=== Exercise aim ===
Omit any pictures, and restate word for word only the lines from the one with "Used 2020 CRYSTAL" through the end of the data below.

------ Records provided ------

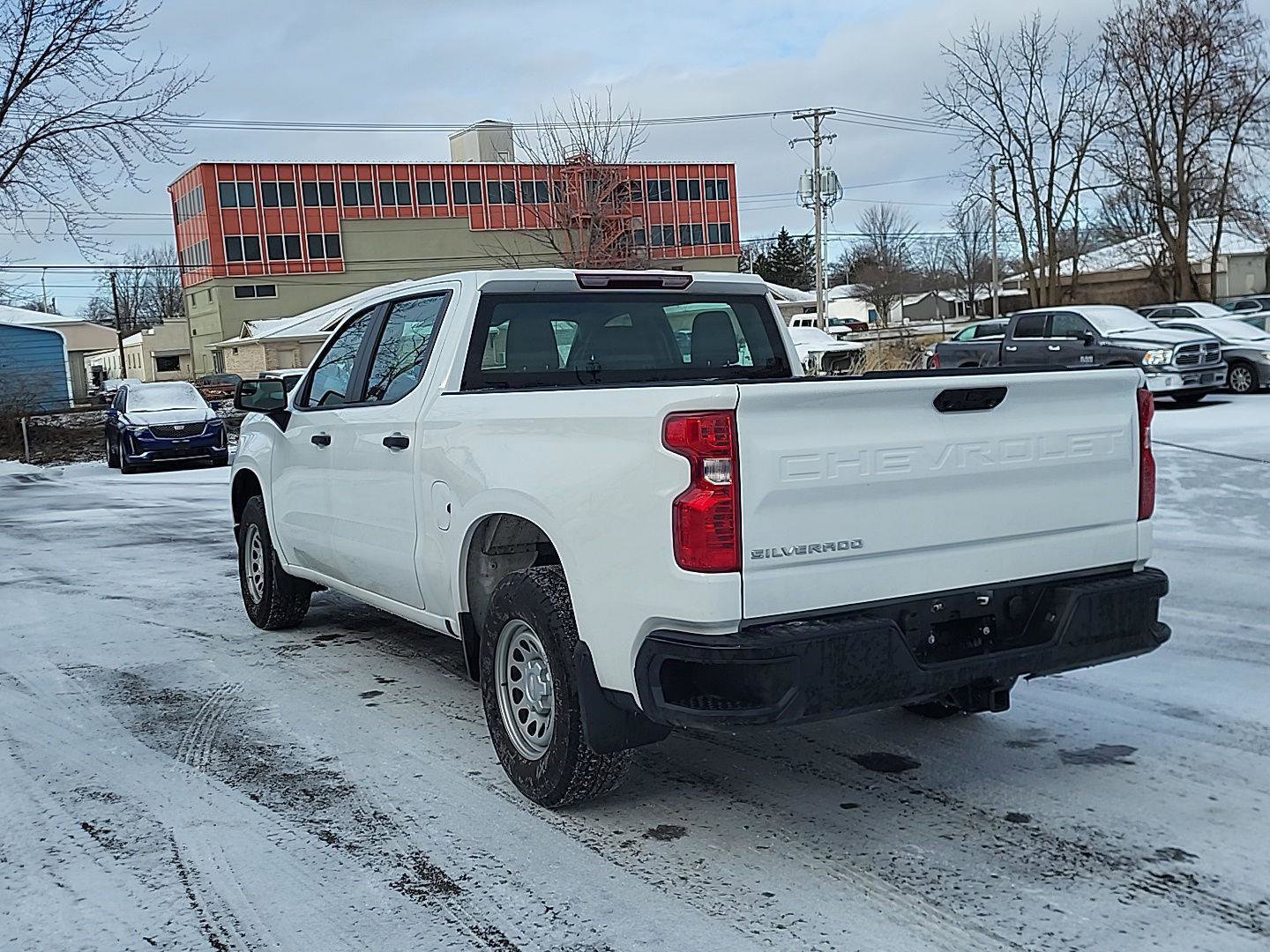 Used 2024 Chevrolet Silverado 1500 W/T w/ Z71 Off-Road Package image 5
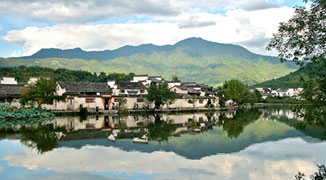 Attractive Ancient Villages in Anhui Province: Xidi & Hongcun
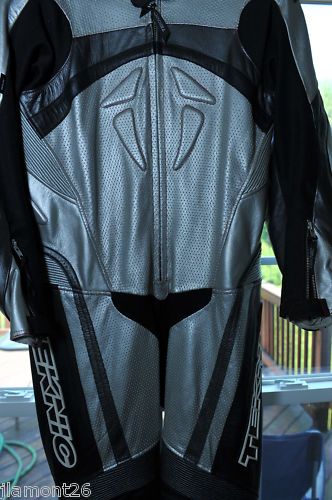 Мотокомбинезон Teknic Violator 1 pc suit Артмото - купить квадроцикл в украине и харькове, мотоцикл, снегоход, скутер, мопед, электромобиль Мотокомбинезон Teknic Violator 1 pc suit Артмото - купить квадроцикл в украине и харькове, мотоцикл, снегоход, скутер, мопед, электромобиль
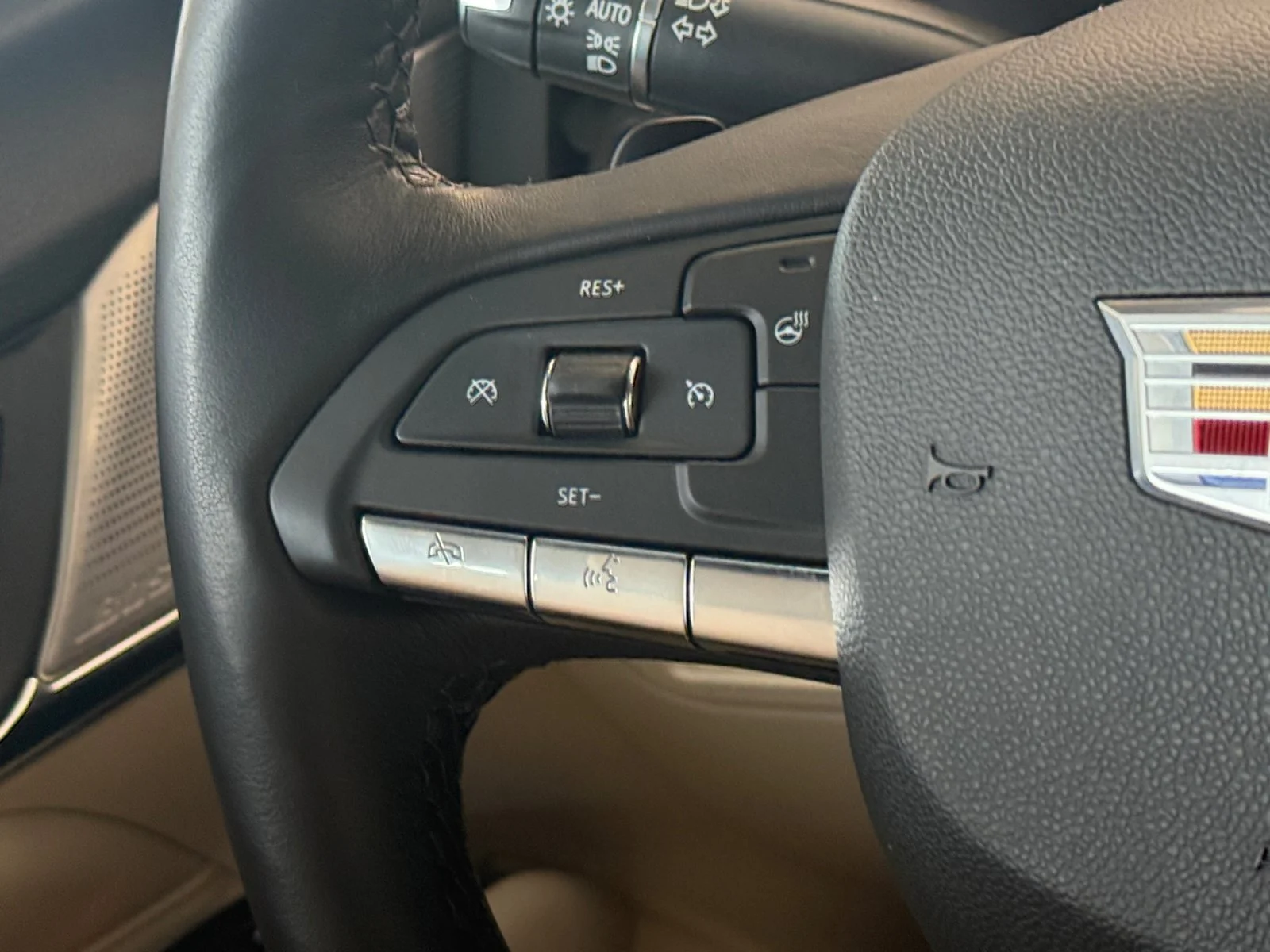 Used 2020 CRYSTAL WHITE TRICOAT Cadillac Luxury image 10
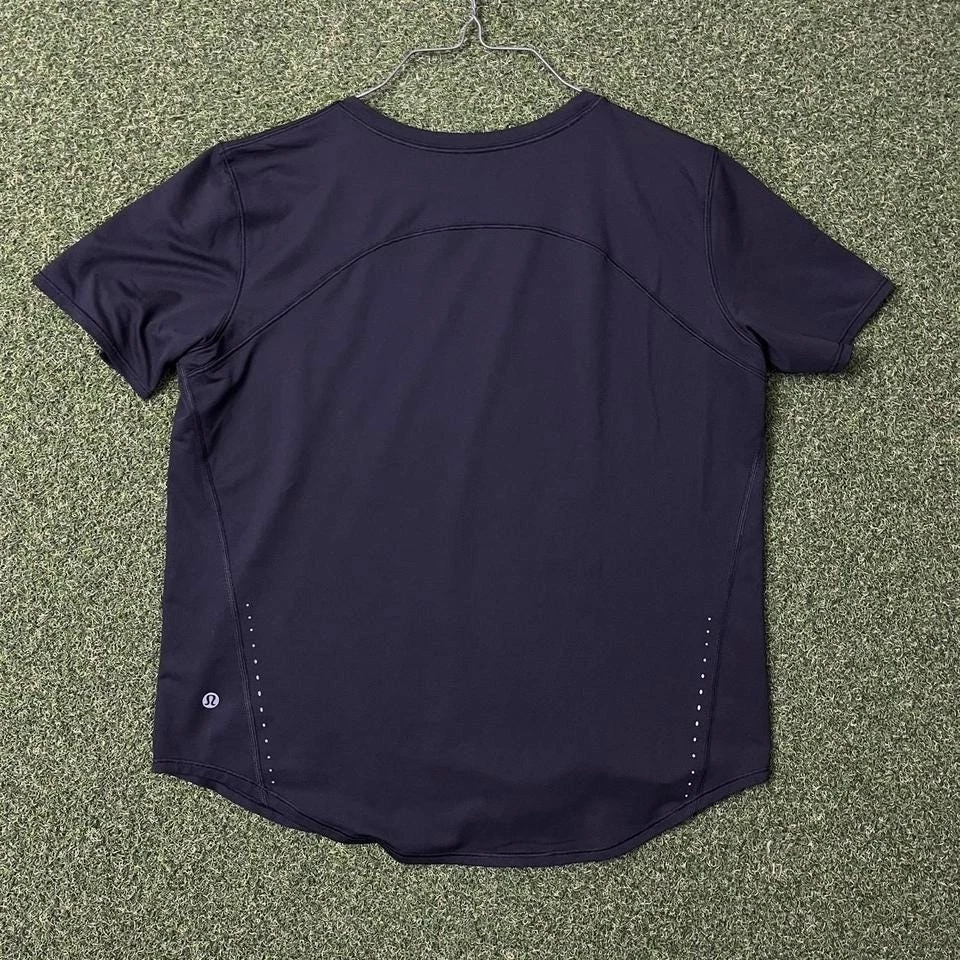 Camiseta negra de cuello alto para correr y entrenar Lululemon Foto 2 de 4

------

=== Task response ===
 Used 2020 CRYSTAL WHITE TRICOAT Cadillac Luxury image 10
 Camiseta negra de cuello alto para correr y entrenar Lululemon Foto 2 de 4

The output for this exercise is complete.